Dear Abby: Gender Identity
DEAR ABBY: I am a 65-year-old cross-dresser who has a deep, burning desire to be a woman. I guess you could call me gender dysphoric. I will never realize this dream of mine, though, and I have accepted myself as I am and have learned to live with it. I am not depressed.
My situation is difficult because my wife does not approve, so I try to be discreet. Sometimes I underdress and finish my hair and makeup in the car in a park. Then I'll walk or go shopping. I like people to see me like this. Because they don't know me, I'm sure sometimes they see a man in a dress, but I don't mind.
However, I am always alone in my altered state and all the groups meet at night. I'm a daytime person, and it's much easier to get out as "Sheila" in the late mornings and early afternoons. Is there some way for me to find some groups that meet in the afternoon? Is there someone I can contact?

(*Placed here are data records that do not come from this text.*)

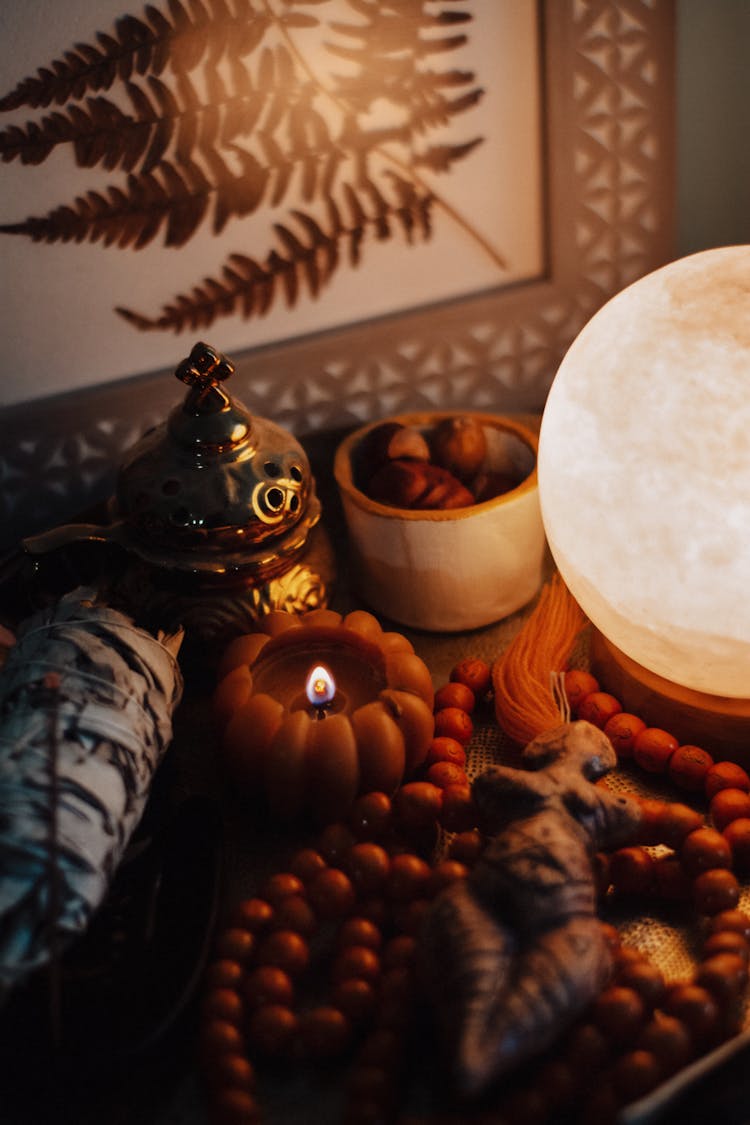 Halloween Decorations On Table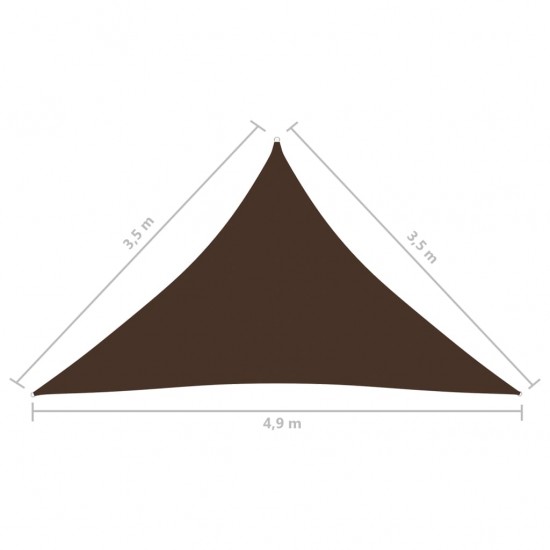 Uždanga nuo saulės, ruda, 3,5x3,5x4,9m, oksfordo audinys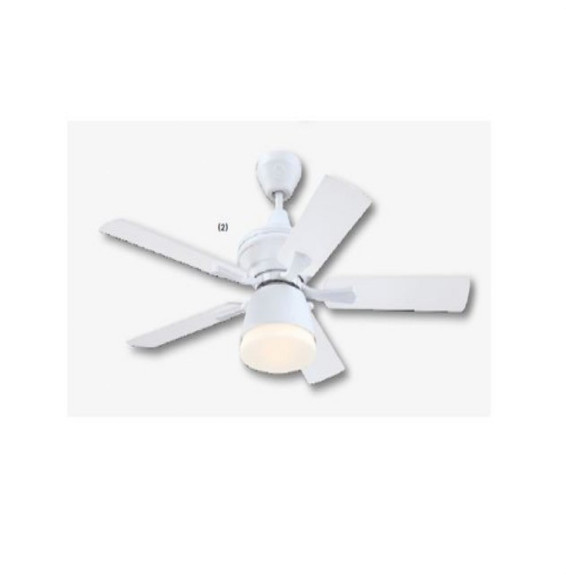 FARHO - Ventilador de techo NEVADA 105cm cuerpo hierro blanco mate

I appreciate your help. -- JUST A DREAM
DEAR JUST A DREAM: An organization that has appeared in my column before may be helpful for you. It's the Society for the Second Self (Tri-Ess International), and it offers not only support for heterosexual cross-dressers, but also their spouses, partners and families.
It's the oldest and largest support organization for cross-dressers and the people who love them. It promotes cross-dressing with dignity and decency, and treats spouses on an equal basis with their cross-dressers. To learn more about it, contact Tri-Ess at www.tri-ess.org.
no subject
I'm a wee bit confused by Abby's advice. Did she miss the part where the LW said they have a "deep, burning desire to be a woman"? This sounds like good advice for a cisgender man who is a cross-dresser, but that doesn't seem to be what's going on, here. Others?
no subject
It's a tough situation all around, though. I feel for the LW, and I feel for the wife. Support groups might help, or they might just illuminate that divorce is the best option.
no subject
Hopefully the group she referred LW to will hand LW on to a support group for trans women.

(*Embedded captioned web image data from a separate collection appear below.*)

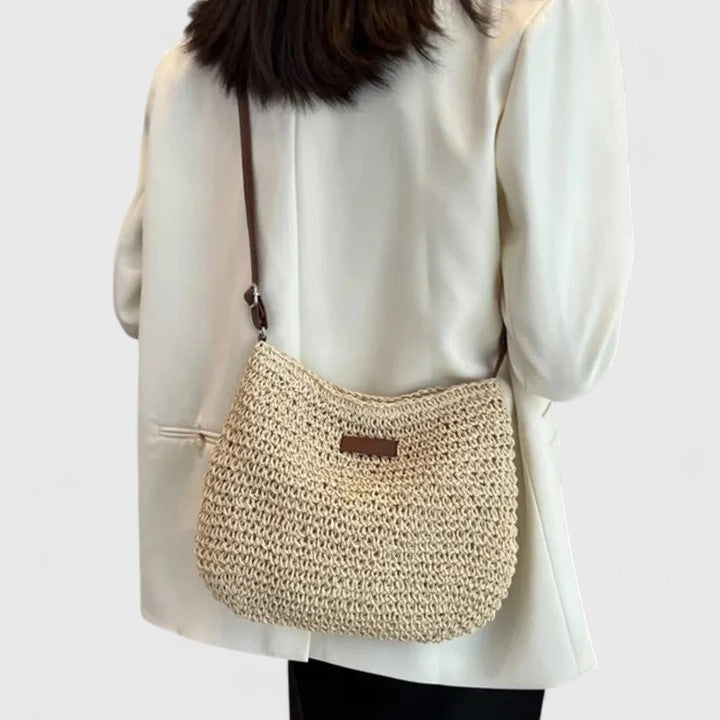 Mercy crochet zip-top hobo shoulder bag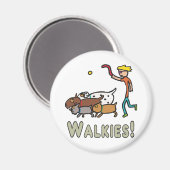 Dog Walking Magneet (Voorkant / Achterkant)
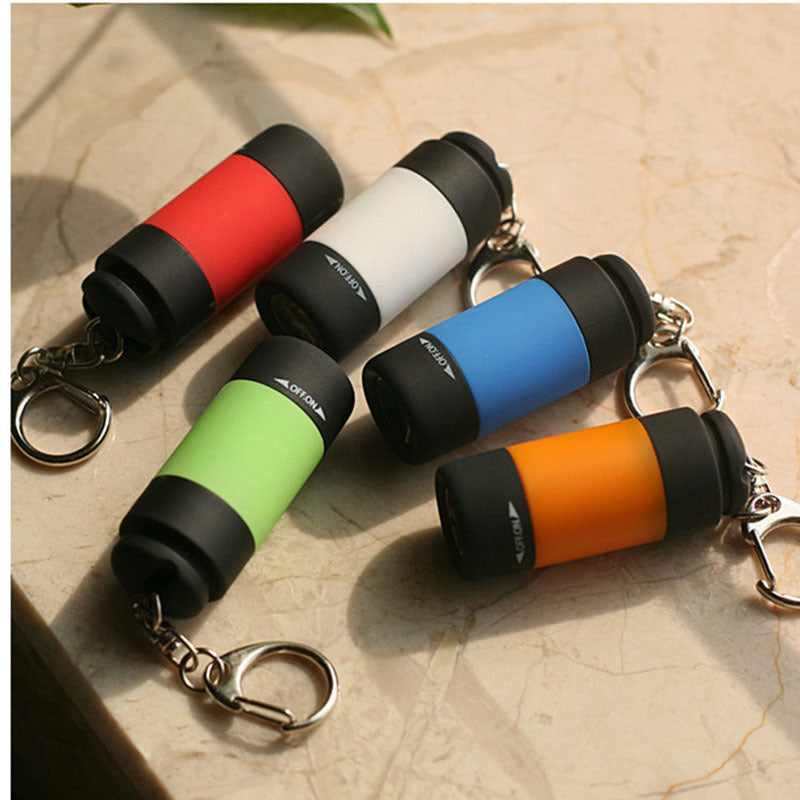 Wholesale ABS USB Rechargeable Led Outdoor Mini Flashlight Keychain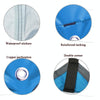Outdoor Camping Sunshade Waterproof and Moisture-proof Floor Mat Ultra-light Canopy,Size: 320 x 250cm (Sky Blue)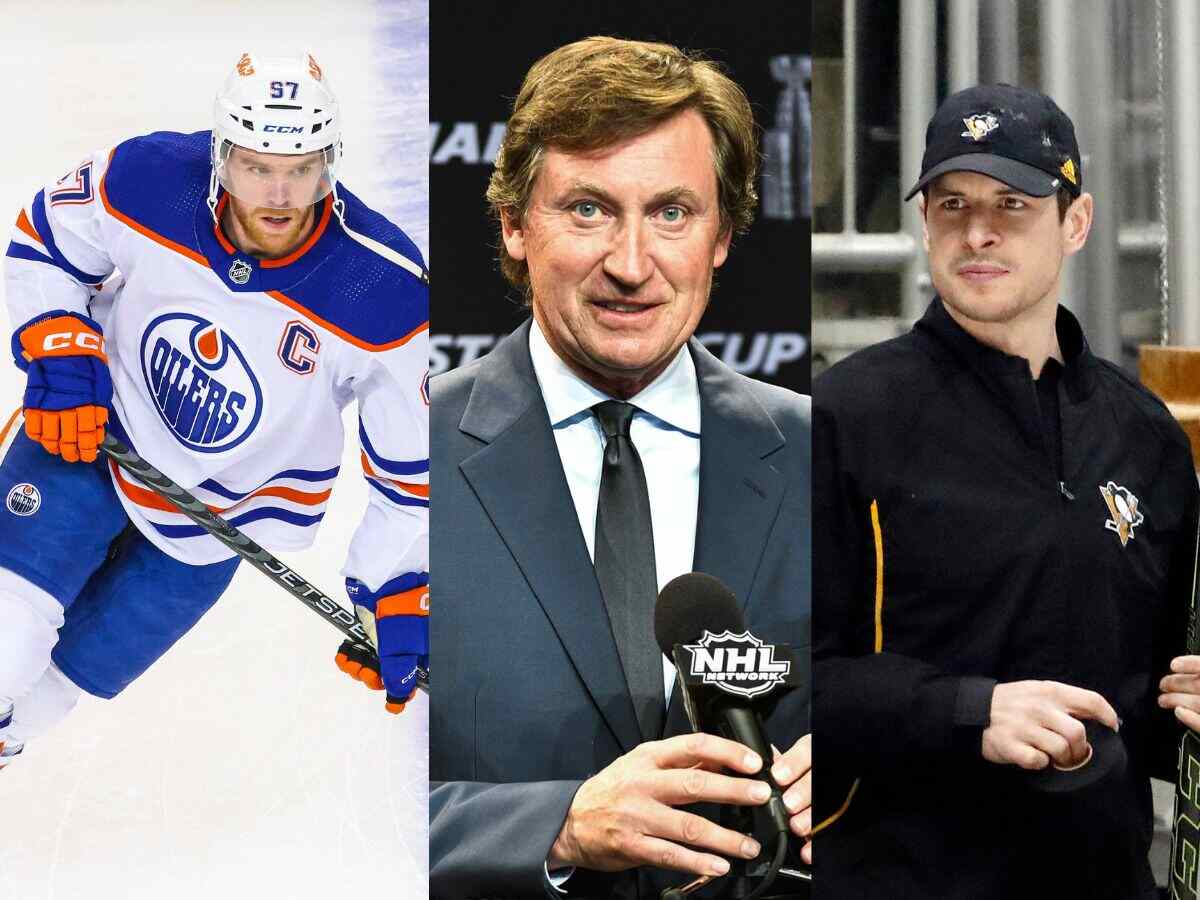 Connor McDavid, Wayne Gretzky and Sidney Crosby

My advice for LW would be:
- you don't have to transition, but it's not too late if you want to, other people have at your age
- find an online support group. Maybe get a laptop or a tablet so you can go online while you're out of the house and wearing what you want to wear.
- there will be people out there who will love Sheila, and you can't make your wife happy by making yourself unhappy.